## Exercise
Whatever pictures the entries hold, omit them, and output exactly the lines from the one containing "Low angle view" through the final line.

Data extracted from a collection
<<<<

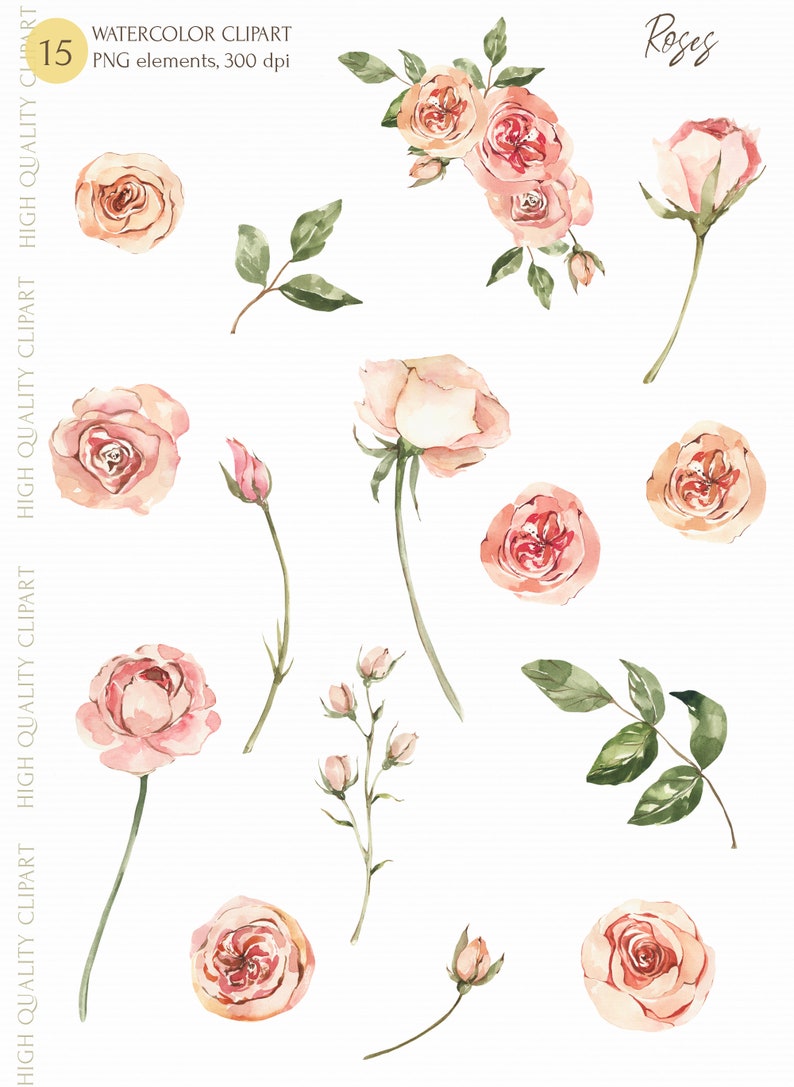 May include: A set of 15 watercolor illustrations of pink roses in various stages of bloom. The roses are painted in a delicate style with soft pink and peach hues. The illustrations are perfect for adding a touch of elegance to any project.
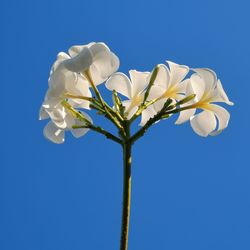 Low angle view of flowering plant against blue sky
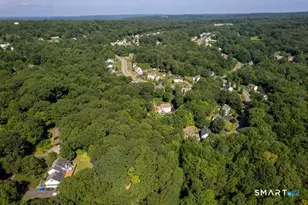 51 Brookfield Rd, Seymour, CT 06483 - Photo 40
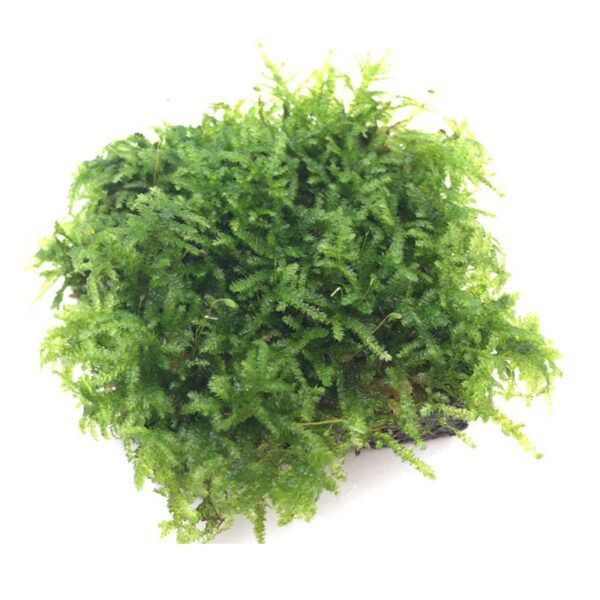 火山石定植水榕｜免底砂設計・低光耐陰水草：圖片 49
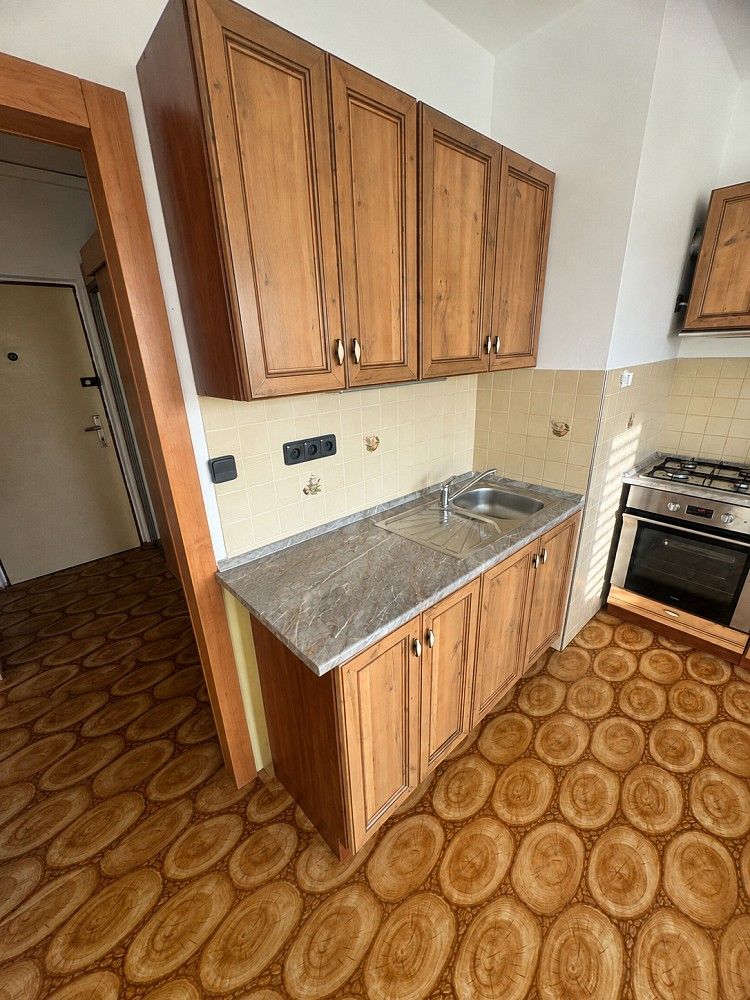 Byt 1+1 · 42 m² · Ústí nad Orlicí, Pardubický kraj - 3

>>>>

## Your response
 Low angle view of flowering plant against blue sky
 51 Brookfield Rd, Seymour, CT 06483 - Photo 40
 火山石定植水榕｜免底砂設計・低光耐陰水草：圖片 49
 Byt 1+1 · 42 m² · Ústí nad Orlicí, Pardubický kraj - 3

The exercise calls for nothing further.